Eine Frau nimmt während einer normalen Schwangerschaft etwa zehn bis 15 Kilogramm zu. Übergewichtige Frauen, die mit einem Body Mass Index (BMI) von 25 bis 30 in die Schwangerschaft starten, sollten hingegen nicht mehr als elf Kilogramm mehr auf die Waage bringen. Kommen mehr Pfunde hinzu, sind Komplikationen möglich.
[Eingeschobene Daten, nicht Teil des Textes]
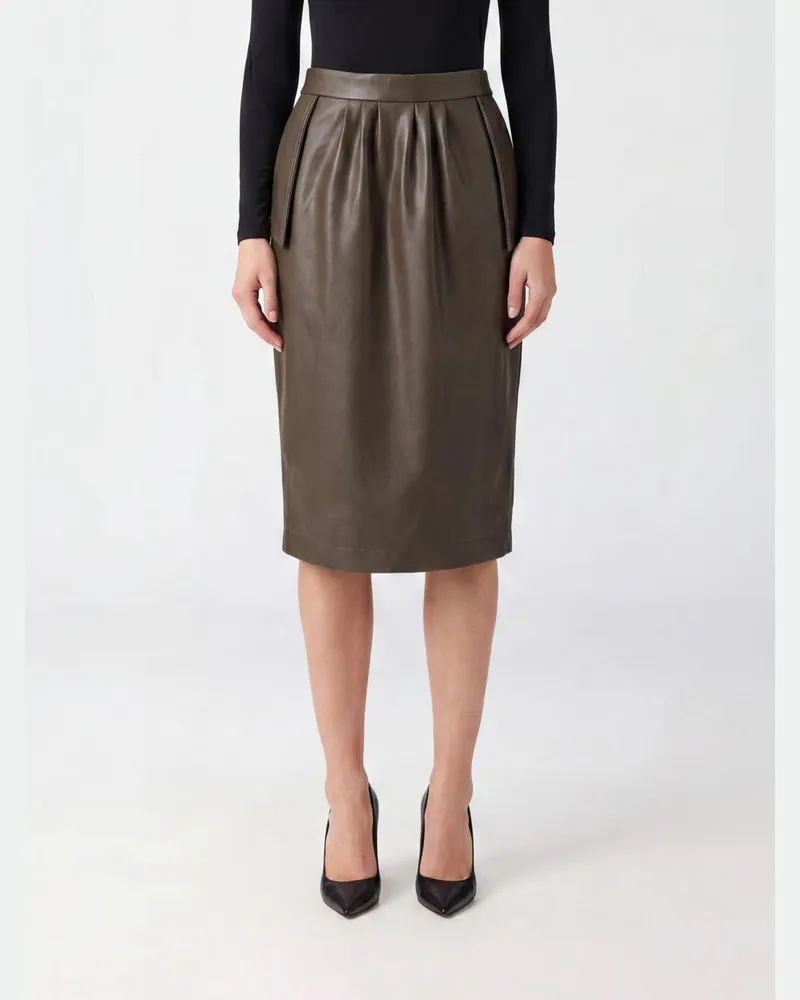 Stella McCartney Midi-Bleistiftrock aus glattem Kunstleder mit hoher Taille Braun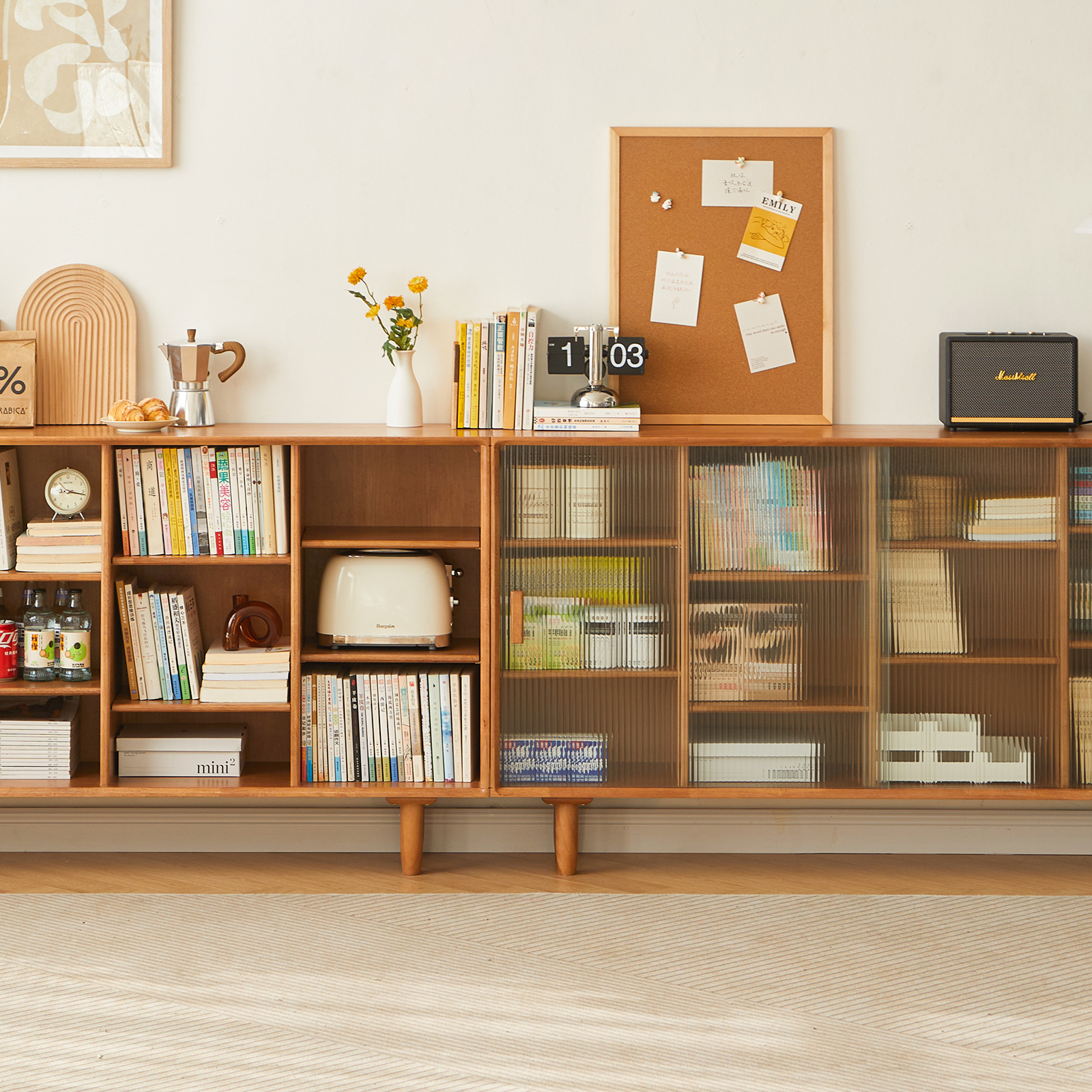 錦木-木製ロータイプ本棚 壁際 リビング収納ラック ベッドルーム収納キャビネット 家庭用 組み合わせ可能なキューブラック 展示棚本棚
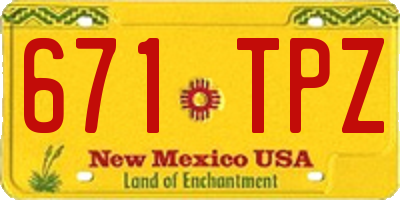NM license plate 671TPZ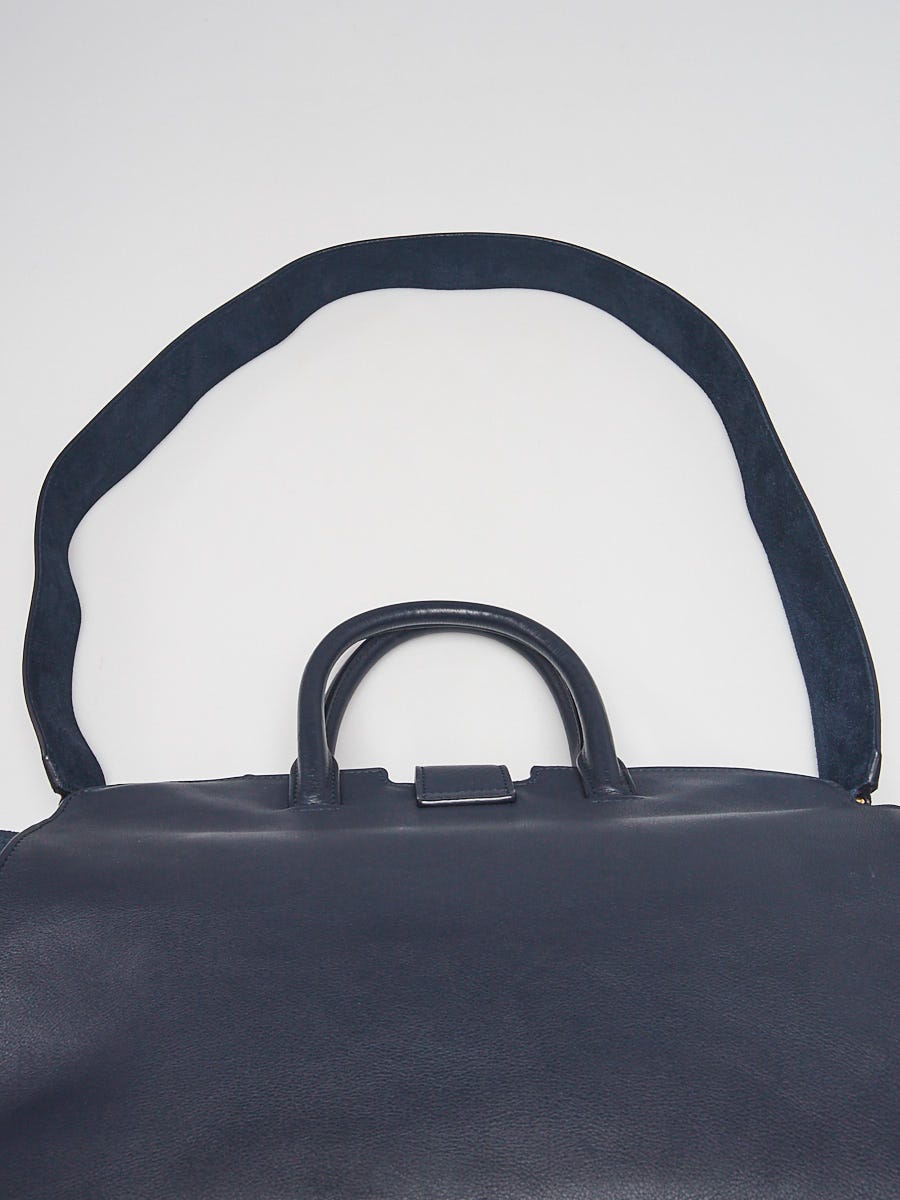 Yves Saint Laurent Blue Leather/Suede Downtown Cabas Small Tote Bag -  Yoogi's Closet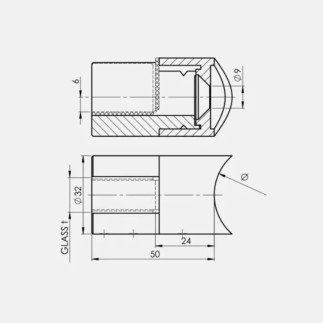Support de verre pour poteau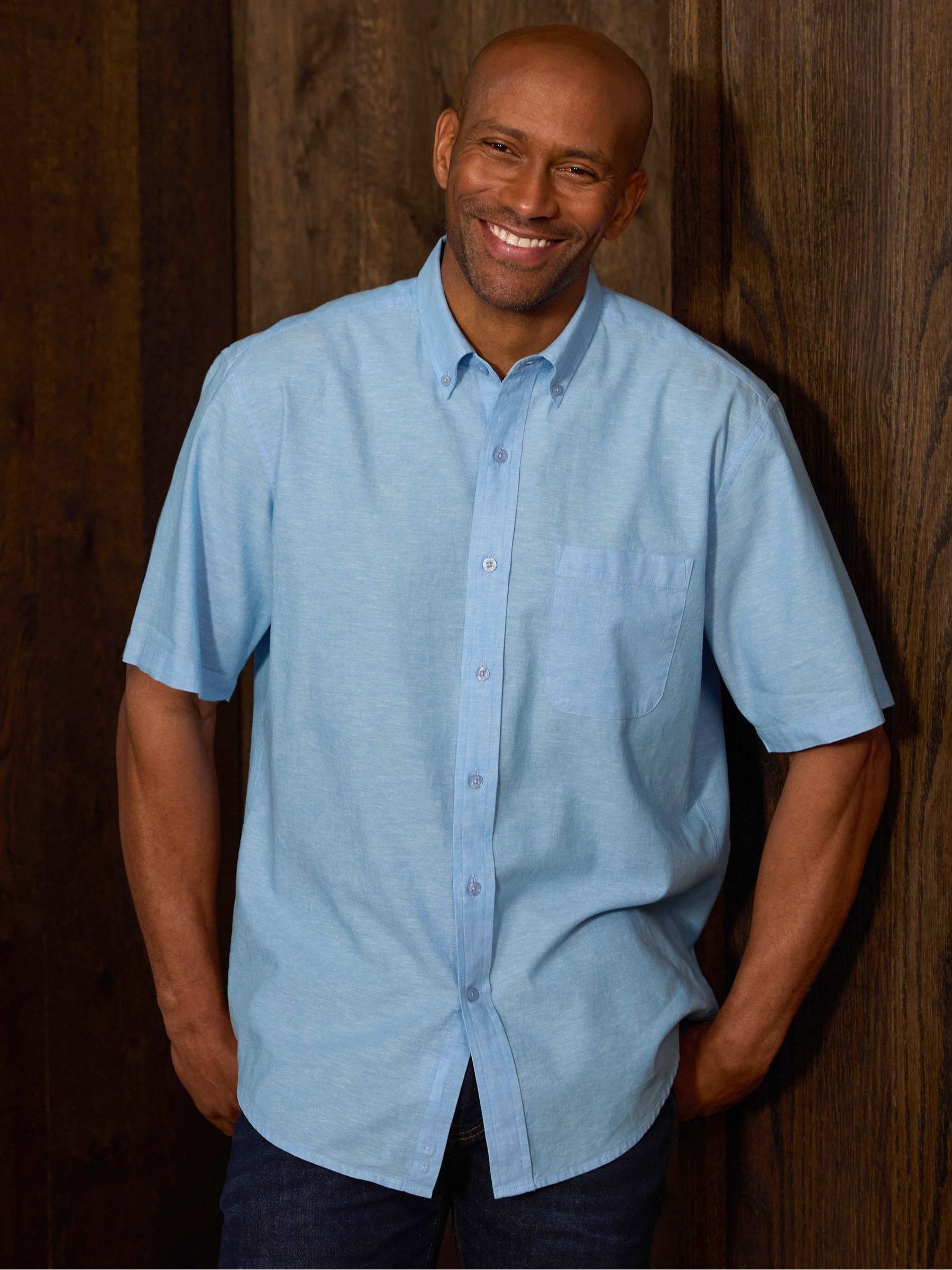 Buy Savile Row Company Sky Blue Classic Fit Linen Cotton Blend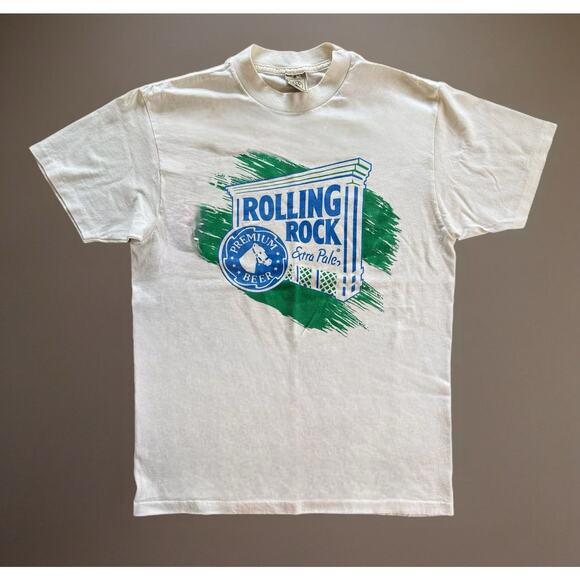 Vintage ROLLING ROCK Beer Single Stitch T-Shirt Size Large 90s Grunge Made USA - Picture 1 of 10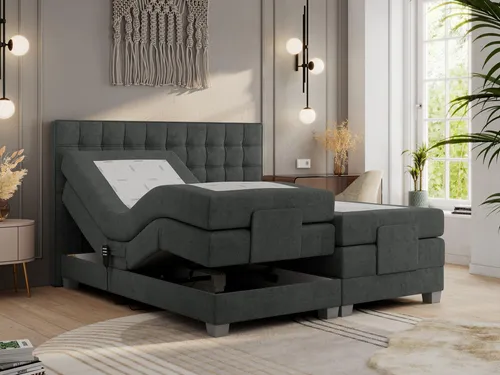 Boxspringbett mit Motor, elektrisch - 140x200cm - Dunkelgrau - H3 - Elegantes Boxspringbett mit elektrisch verstellbarem Kopfteil, 7-Zonen-Taschenfederkernmatratzen für optimalen Schlafkomfort und zwei praktische Bettkästen für Stauraum.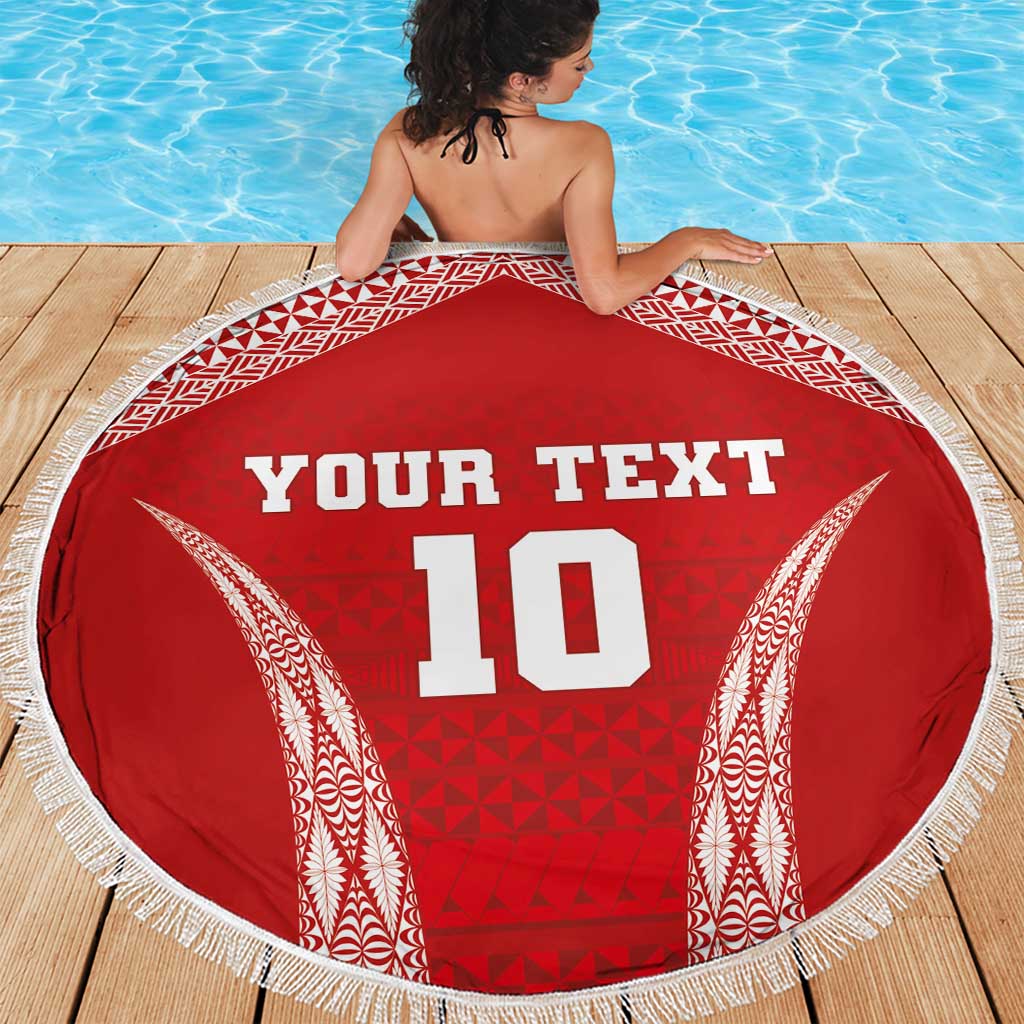 Custom Tonga Pacific Rugby 2024 Beach Blanket Ngatu Tribal Pattern LT03 - Polynesian Pride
Intensive ärztliche Begleitung

Übergewichtige Schwangere sollten sich medizinisch intensiv begleiten lassen und zusätzlich zu den regelmäßigen Untersuchungsterminen ihr Gewicht kontrollieren. Denn: Sie tragen ein höheres Risiko für zum Beispiel Wassereinlagerungen, Schwangerschaftsdiabetes und sogar Fehlgeburten. Mediziner der Universität Greifswald stellten zudem fest, dass jede achte werdende Mutter mit einem BMI zwischen 35 und 40 zu hohen Bluthochdruck hatte. Bei normalgewichtigen Frauen war es nur gut eine von hundert. Das Problem: Bluthochdruck begünstigt Präeklampsie. Niere oder Leber können dadurch geschädigt werden.

 

Ernährung der Mutter prägt Stoffwechsel des Kindes

Auch der Lebensstil von Schwangeren wirkt sich auf den Stoffwechsel des Kindes aus. Mediziner nennen diesen Prozess „perinatale Programmierung“ – externe Einflüsse vor und in den ersten Monaten nach der Geburt prägen grundlegende Stoffwechselprozesse. So beeinflussen Ernährung und Hormone in bestimmten Entwicklungsphasen, wie der Organismus des Kindes Zucker verwertet oder ob er dazu neigt, vermehrt Fett zu speichern. Studien legen nahe, dass diese Programmierung lebenslang wirkt und so im späteren Leben zum Beispiel Übergewicht begünstigen kann.

 

Quellen:

familienplanung.de – Portal der BZgA

Berufsverband der Frauenärzte e.V. und Deutsche Gesellschaft für Gynäkologie und Geburtshilfe e.V.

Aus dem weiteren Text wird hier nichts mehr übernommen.